Special report: Real lives and real stories behind those living on the streets

It is easy to forget there are real people behind the homeless statistics. In an attempt to put that right journalist Rebecca Stiffe took to the streets to gain an insight into the real stories behind the people who are presently living on the streets of Ireland.

THE LUAS rolls by, its windows fogged up from the swarm of people inside. Hands are shoved in pockets, coats are zipped up and high street shopping bags litter the floor.

The jingle of collection buckets blends with the traffic and the music filtering out from the stores either side of the Spire.

Eighteen year old Louise (not her real name) waits for her friends on Henry Street, her tent and belongings packed tight next to her. She had been homeless for three years, having dropped out of school after her Junior Certificate and turning to a life of drugs.

“I’m clean for the last year now,” she beams. “It’s very hard for a girl. You’d think being so young, you’d get something quicker but you don’t get anything any quicker than anybody else. It’s just the way life is up in Dublin.”

Because Louise moved from the Midlands, she can’t get on the Dublin Housing Waiting List. Though she believes by being in the capital city, she at least has a chance at survival.

“You see the real reality of the world, you don’t see the things hiding behind it.

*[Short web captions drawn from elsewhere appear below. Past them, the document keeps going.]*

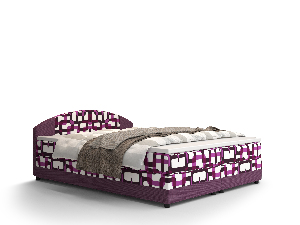Manželská posteľ Boxspring 140 cm Orlando Comfort (vzor + fialová) (s matracom a úložným priestorom)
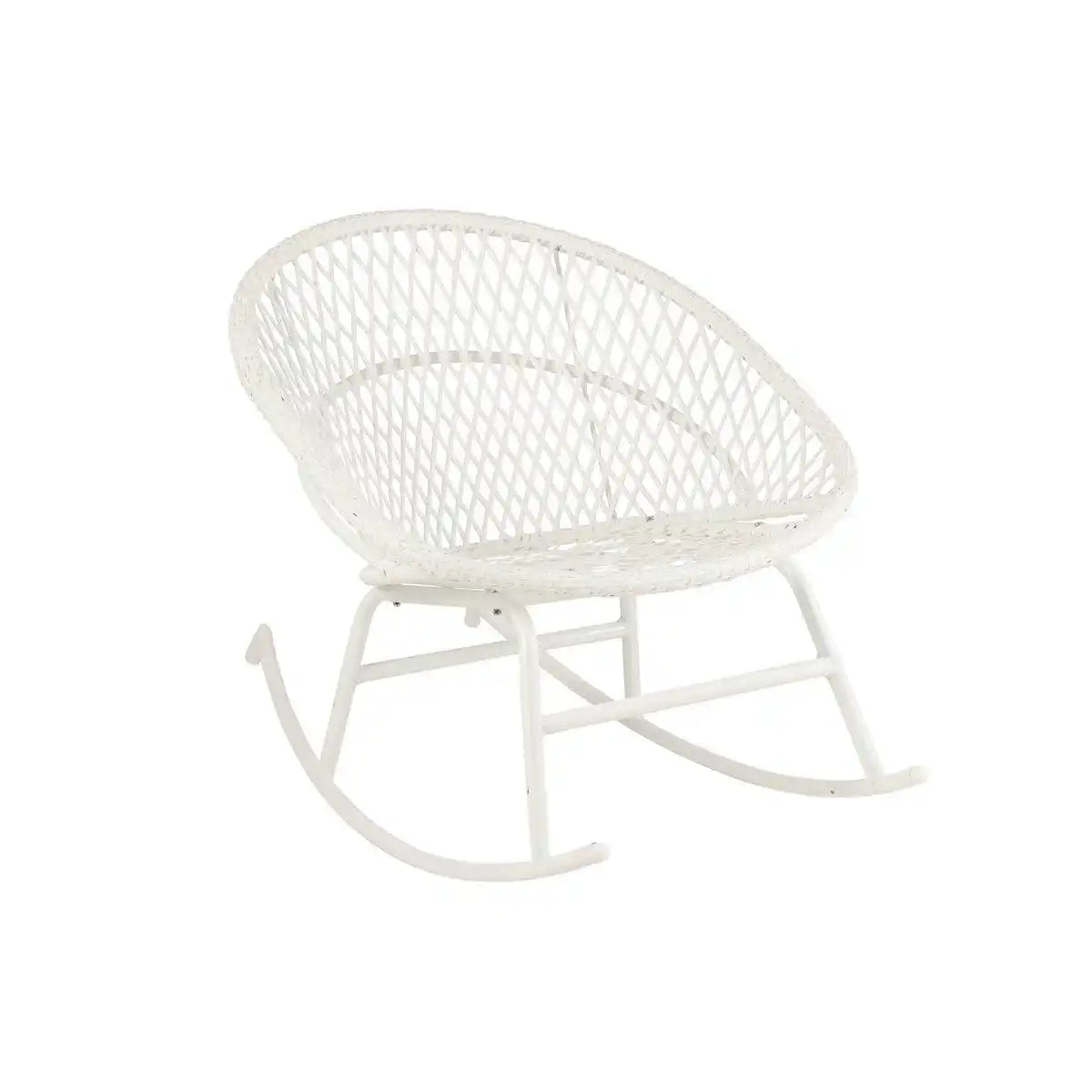 Schaukelstuhl + Kissen Zayo – Metall/Korb – Weiß - HomeDesign Knaus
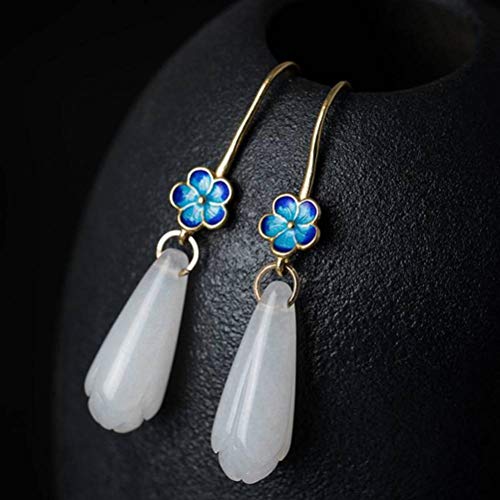 Boucles d'oreilles à tige pour femmes MOCHAMIK avec fleur imitation émail rétro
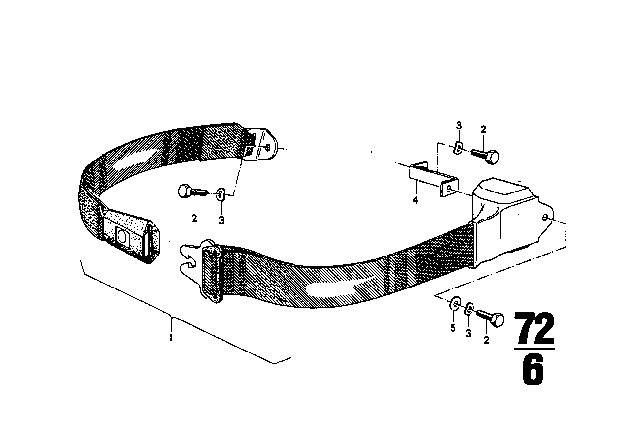 1973 BMW 3.0CS Seatbelts Diagram 3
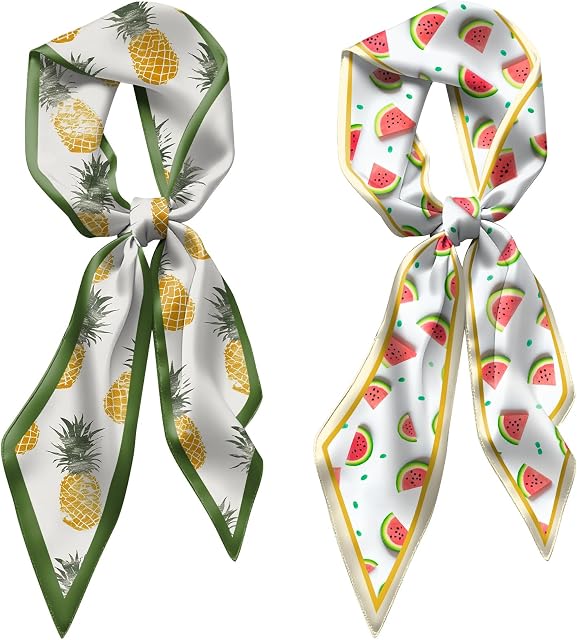 2PCS Scarf Silk Feeling Hair Head Satin Long Neck Fashion Scarfs for Bag Decoration Women Girls Cute 59 * 6.7”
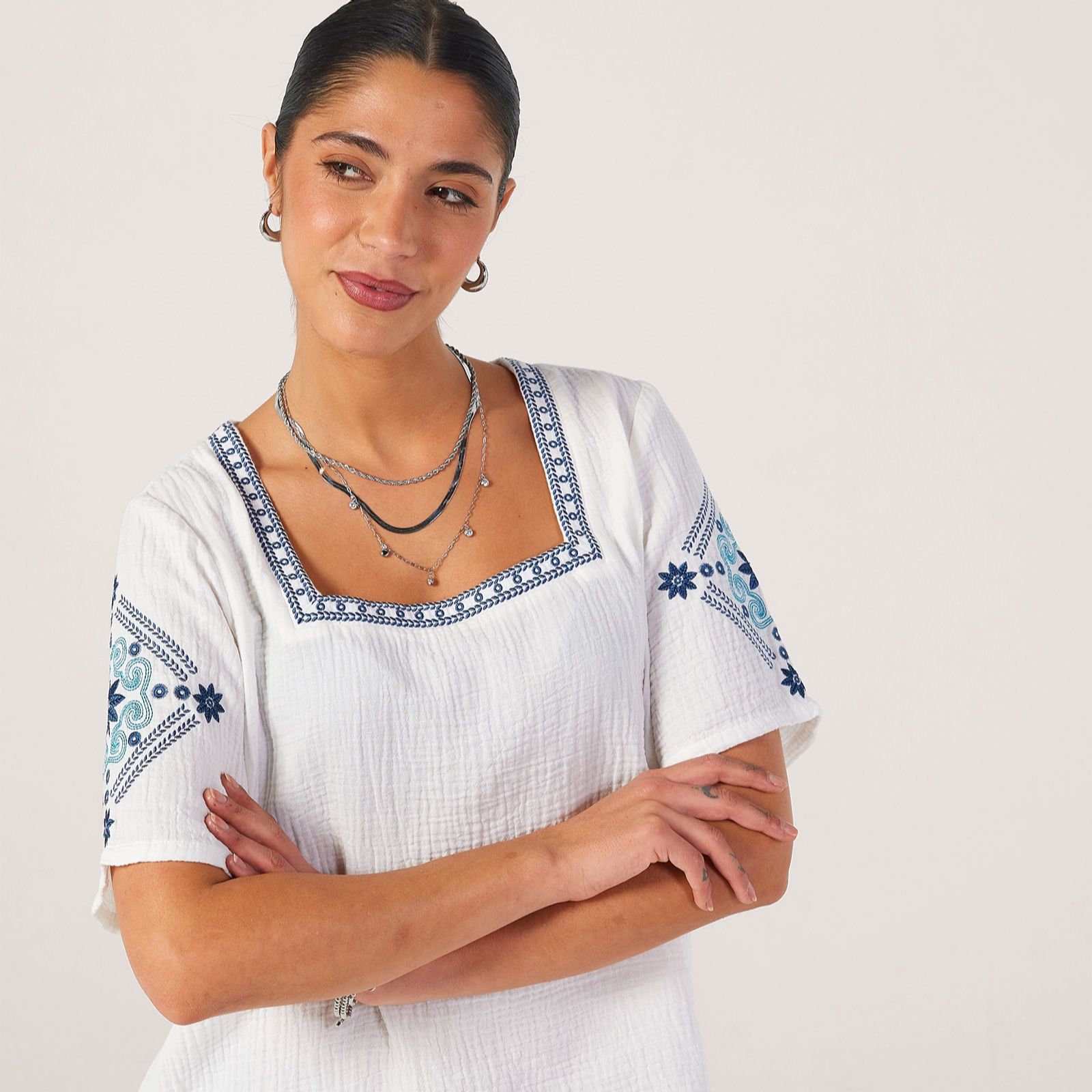 Denim & Co Cotton Pure cotton textured Embroidered top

It’s a horrible life to live but all you can do is keep going. Keep strong, don’t let anyone out you down, that’s what I say.

“Some people just don’t like seeing homeless people. They think, oh, it’s all excuses with them or whatever when the majority of people are genuinely homeless not from drink or drugs, but they get wrapped into that because it’s all over the place. You walk down a back alley, all you see is needles.”

Each night, Louise and her boyfriend along with some friends sleep outside of the Garda station in case anything happens to them. She doesn’t feel safe in the hostels because of her age and gender but insists that there are genuine people who look out for her in them.

“In Merchant’s Quay, you have a mat on the floor and no blanket,” she says. “No pillow. Then in some hostels, you’re up at 06:45am and out by 07:30am. So you’re up, you’re walking the streets everyday and when the Guards see you, they tell you to move off the streets when you have nowhere to go.”

Like many teenagers her age, Louise fought with her parents growing up, regularly sneaking out only to return days later. She expresses regret at how things turned out and a desire to go back in time.

“If I could go back, it would be so different,” she says. “I’d probably be driving an Audi now! No. You make stupid mistakes and when you’re that age you always fight with your parents. And I did. I was really bold.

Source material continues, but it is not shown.